I really think that depends on the person and how sensitive you are to the taste of it. I would say no. I’ve never had anyone who ate my cupcakes ever comment on it. If anything people tell me how great the frosting is. That said, some people who have made the frosting and really can’t stand shortening do notice it.
Hi there..I love all that you do…one question…sometimes all butter buttercream tastes grainy to me…probably due to the powdered sugar not fully disolving..where as swiss or italian meringue buttercream never does…by using half butter half shortening do you ever get a grainy texture?
I’ve never noticed a grainy texture either way. You could try sifting the powdered sugar.

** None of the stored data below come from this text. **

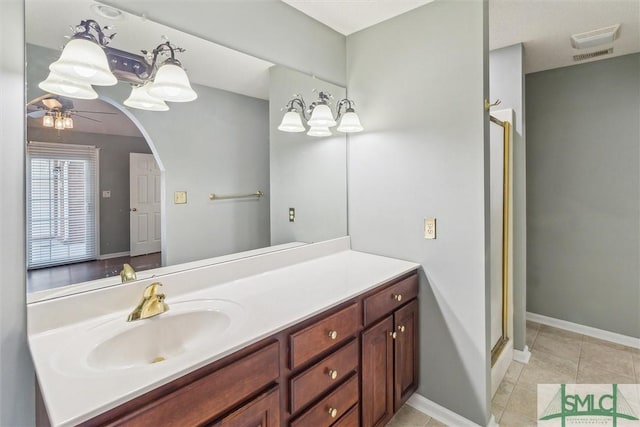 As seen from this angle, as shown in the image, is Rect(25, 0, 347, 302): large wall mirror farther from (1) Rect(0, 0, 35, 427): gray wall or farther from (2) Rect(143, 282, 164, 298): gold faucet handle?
(2) Rect(143, 282, 164, 298): gold faucet handle

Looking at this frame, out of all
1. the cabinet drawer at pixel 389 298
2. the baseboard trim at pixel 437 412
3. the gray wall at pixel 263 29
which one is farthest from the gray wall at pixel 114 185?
the baseboard trim at pixel 437 412

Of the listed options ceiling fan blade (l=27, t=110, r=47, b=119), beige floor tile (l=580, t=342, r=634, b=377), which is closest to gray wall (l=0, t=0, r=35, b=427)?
ceiling fan blade (l=27, t=110, r=47, b=119)

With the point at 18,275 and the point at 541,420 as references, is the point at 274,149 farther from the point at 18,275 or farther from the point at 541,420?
the point at 541,420

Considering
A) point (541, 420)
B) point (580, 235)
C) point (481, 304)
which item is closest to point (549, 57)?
point (580, 235)

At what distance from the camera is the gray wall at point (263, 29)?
54.8 inches

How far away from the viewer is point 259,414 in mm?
1039

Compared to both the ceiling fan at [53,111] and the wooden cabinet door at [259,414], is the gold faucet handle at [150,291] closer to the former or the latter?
the wooden cabinet door at [259,414]

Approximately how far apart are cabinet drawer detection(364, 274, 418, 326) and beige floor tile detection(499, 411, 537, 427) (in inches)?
33.8

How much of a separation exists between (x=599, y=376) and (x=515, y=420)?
37.0 inches

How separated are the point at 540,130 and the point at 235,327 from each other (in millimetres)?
3307

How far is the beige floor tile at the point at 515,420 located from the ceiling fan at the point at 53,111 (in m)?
2.56

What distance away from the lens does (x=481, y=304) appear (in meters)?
1.70

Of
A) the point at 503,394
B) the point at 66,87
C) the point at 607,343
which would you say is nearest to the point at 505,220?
the point at 503,394

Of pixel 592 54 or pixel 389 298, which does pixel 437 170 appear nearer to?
pixel 389 298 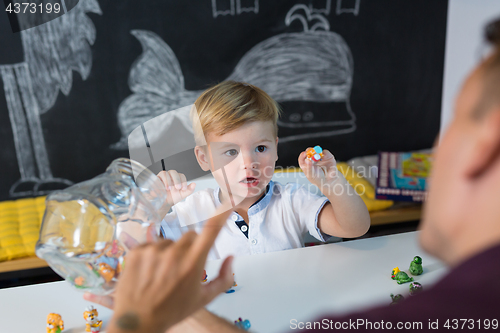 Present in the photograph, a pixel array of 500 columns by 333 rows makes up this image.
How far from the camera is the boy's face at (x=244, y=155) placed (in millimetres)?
1196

Seen lots of UK posts regarding shortening. I use Trex which is a white vegetarian fat, widely available in supermarkets here in the UK Thanks for a great recipe Lindsay.
Hi,
I thought I posted a question but don’t see it on the board. What I wanted to ask was what kind of frosting consistency I should use to pipe the side of a cake. I plan to make a smash cake so I want to cover the entire cake with pipping frosting.

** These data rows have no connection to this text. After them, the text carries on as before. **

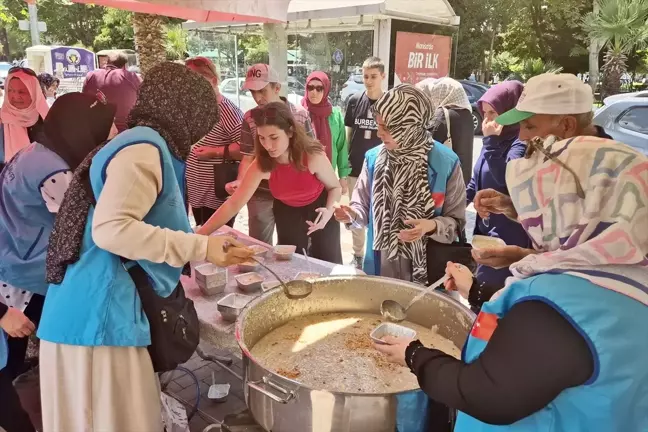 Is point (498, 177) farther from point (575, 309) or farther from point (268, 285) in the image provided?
point (575, 309)

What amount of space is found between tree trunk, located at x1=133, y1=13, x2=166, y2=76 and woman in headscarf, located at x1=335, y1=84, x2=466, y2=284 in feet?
11.5

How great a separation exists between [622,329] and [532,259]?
0.18m

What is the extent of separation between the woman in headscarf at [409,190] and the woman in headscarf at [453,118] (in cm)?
117

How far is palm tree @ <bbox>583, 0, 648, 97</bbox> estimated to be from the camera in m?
13.7

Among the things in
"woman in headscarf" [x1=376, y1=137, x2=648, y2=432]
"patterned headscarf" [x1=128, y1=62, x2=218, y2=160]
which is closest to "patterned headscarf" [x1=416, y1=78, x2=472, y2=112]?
"patterned headscarf" [x1=128, y1=62, x2=218, y2=160]

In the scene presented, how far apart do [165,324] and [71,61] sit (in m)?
13.5

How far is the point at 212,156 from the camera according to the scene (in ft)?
11.6

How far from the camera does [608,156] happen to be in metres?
0.86

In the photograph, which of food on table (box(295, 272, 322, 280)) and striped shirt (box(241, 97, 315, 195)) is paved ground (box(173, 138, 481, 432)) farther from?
striped shirt (box(241, 97, 315, 195))

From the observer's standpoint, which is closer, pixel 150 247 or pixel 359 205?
pixel 150 247

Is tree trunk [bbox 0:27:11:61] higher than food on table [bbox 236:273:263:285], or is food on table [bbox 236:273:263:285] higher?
tree trunk [bbox 0:27:11:61]

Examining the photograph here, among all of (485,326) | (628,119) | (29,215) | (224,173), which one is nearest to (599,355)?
(485,326)

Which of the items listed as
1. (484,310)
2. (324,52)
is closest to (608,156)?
(484,310)

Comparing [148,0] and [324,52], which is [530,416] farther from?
[324,52] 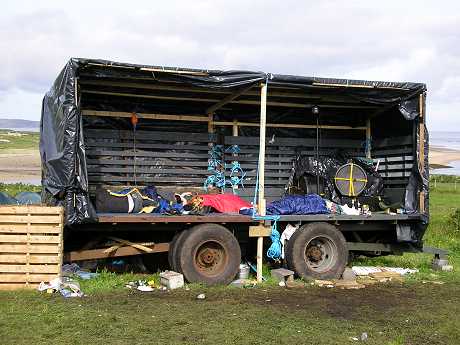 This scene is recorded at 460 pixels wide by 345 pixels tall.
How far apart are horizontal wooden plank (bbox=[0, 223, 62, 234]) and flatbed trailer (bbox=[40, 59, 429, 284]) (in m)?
0.27

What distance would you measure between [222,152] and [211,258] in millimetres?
3121

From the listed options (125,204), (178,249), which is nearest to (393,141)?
(178,249)

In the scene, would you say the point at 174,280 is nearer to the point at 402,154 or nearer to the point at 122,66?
the point at 122,66

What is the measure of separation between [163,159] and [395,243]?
464cm

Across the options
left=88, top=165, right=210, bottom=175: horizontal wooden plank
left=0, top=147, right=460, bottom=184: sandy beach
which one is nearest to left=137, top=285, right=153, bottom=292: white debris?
left=88, top=165, right=210, bottom=175: horizontal wooden plank

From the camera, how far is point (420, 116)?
10000mm

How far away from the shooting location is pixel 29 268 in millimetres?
7859

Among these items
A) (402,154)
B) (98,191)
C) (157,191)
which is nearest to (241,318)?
(98,191)

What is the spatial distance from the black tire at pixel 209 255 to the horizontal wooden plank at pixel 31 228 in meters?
1.85

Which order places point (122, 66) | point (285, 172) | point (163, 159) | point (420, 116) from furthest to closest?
point (285, 172) → point (163, 159) → point (420, 116) → point (122, 66)

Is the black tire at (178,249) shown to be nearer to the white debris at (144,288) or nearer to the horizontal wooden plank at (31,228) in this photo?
the white debris at (144,288)

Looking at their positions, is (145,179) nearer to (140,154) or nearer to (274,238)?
(140,154)

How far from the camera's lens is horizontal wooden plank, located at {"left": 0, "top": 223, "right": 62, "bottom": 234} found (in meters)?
7.87

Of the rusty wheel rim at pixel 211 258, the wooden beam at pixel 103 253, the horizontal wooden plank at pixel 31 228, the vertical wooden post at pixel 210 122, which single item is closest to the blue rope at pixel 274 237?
the rusty wheel rim at pixel 211 258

Have you seen this post? You might find it helpful. I would use something thick, but still sticky since you’ll want it to be able to hold onto the sides of the cake. Something more like a cupcake consistency or the thinner consistency I show in that post would probably be best.
Thank you for getting back to me! That post is really helpful.
Do I chill frosting before putting on cake??
No, it’ll get very firm in the fridge because the butter will harden as it cools.
Hi,
Thanks for the recipe. I’m Iin Nigeria. Will cisco be ok to use as the shortening?
Do you mean crisco? If so, yes.
Hello. How many cupcakes will I be able to frost with this recipe?
Depends on how much frosting you like on your cupcakes. 🙂 If you frost cupcakes like you see in my photos (a good bit of frosting), then it should cover about a dozen cupcakes. If you use a little less frosting, it could cover more.